Freya Mathews argues that a radical shift in the cultural foundations of western civilization is required to address this lack of concern for matter. Modern civilisation, she says, is based on a basic dualism between mind and matter. Mind is held to be the source of all meaning, creativity and purpose; matter is seen to be inert and malleable, 'conceptually drained of any presence or interiority'. The consequences of this outlook are rationalistic science, profit-driven economics, an ideology of progress, a liberal polity, an ethos of consumerism, and colonialism on the international stage. In short, an endless drive toward control and conquest that seeks out ever more arenas of exploitation and 'improvement'.

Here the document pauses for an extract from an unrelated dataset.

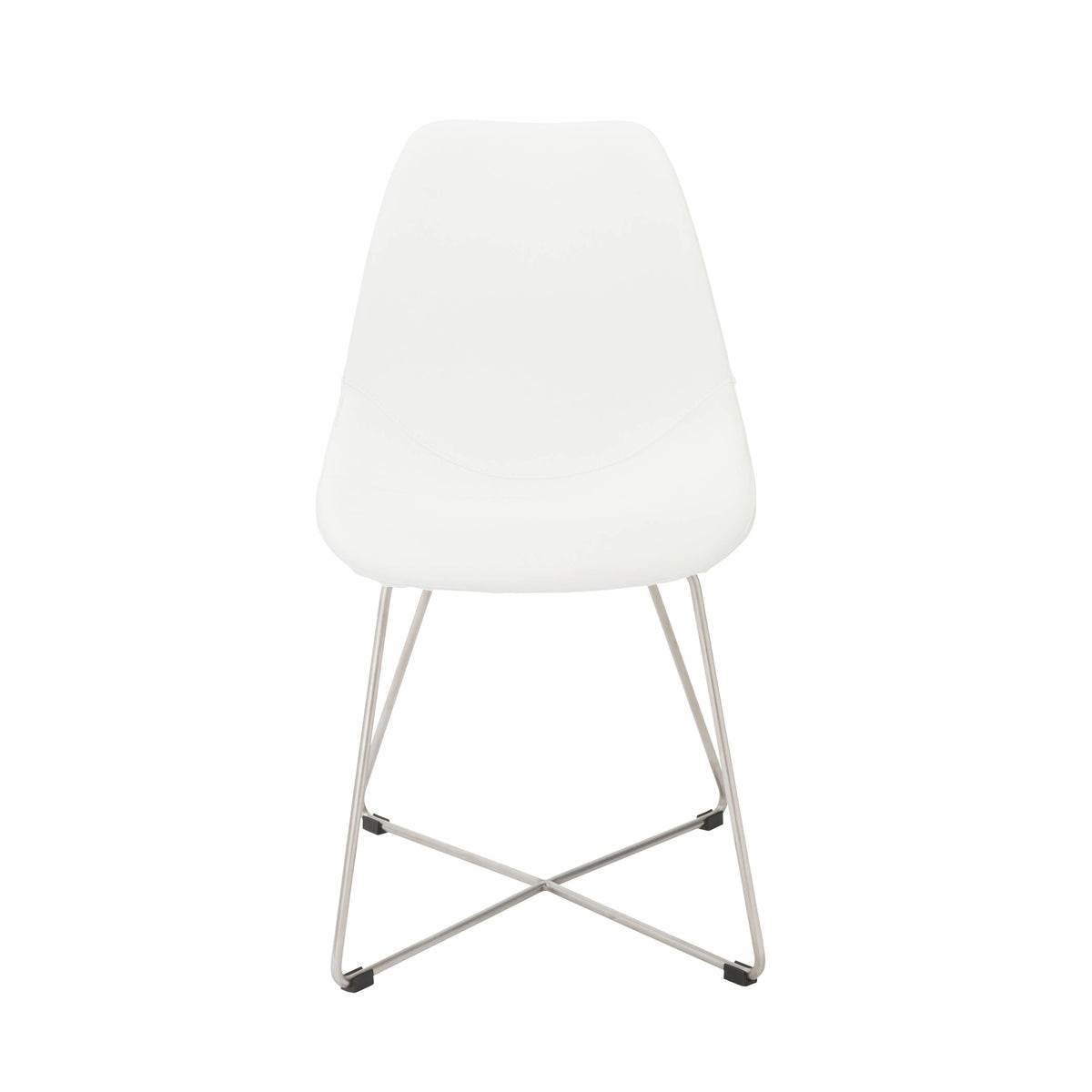 White Brushed Stainless Steel Dining Side Chair Set of 4 F408130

Mathews argues that many environmental movements fail to grasp the nature of the present ecological crisis because they remain within the parameters of modern culture. These movements cannot accord proper respect to matter because they continue to act on the basis of the dualism between mind and matter. The urge for a genuine alternative requires a nondualist or 'panpsychist' culture. Such a culture provides matter with its own life and vitality, with an 'innerness', an intrinsic meaning independent of human beings. If our basic attitude toward reality can be changed in this way, the rest follows since we will necessarily replace insensitivity with care and affection. If matter has ends of its own, then we must enlarge our moral conscience beyond the circle of human beings, and beyond even the larger group of sentient beings.

Today, a number of social and political theorists are searching for fruitful ways to 're-enchant' the world. Others believe such a project is a great danger, because it threatens to undermine the civilization we have developed over centuries, particularly our scientific progress and our political freedoms. But modernisation on dualistic terms also poses great dangers, as Mathews points out, not only for the environment, but for human beings themselves. When matter is regarded as inert, and place is held to have little significance, human beings find they are homeless. She detects a 'chronic dissatisfaction' with the present, and a restless pursuit of the 'new' in the hope of finding a small measure of meaning. A panpsychist metaphysics can resolve much of our anxiety, teaching us to 'reinhabit reality'. For Mathews, it does not mean we have to throw away our computers or destroy our skyscrapers and freeways. It involves being grateful to the places in which we live, and treating all matter with reverence.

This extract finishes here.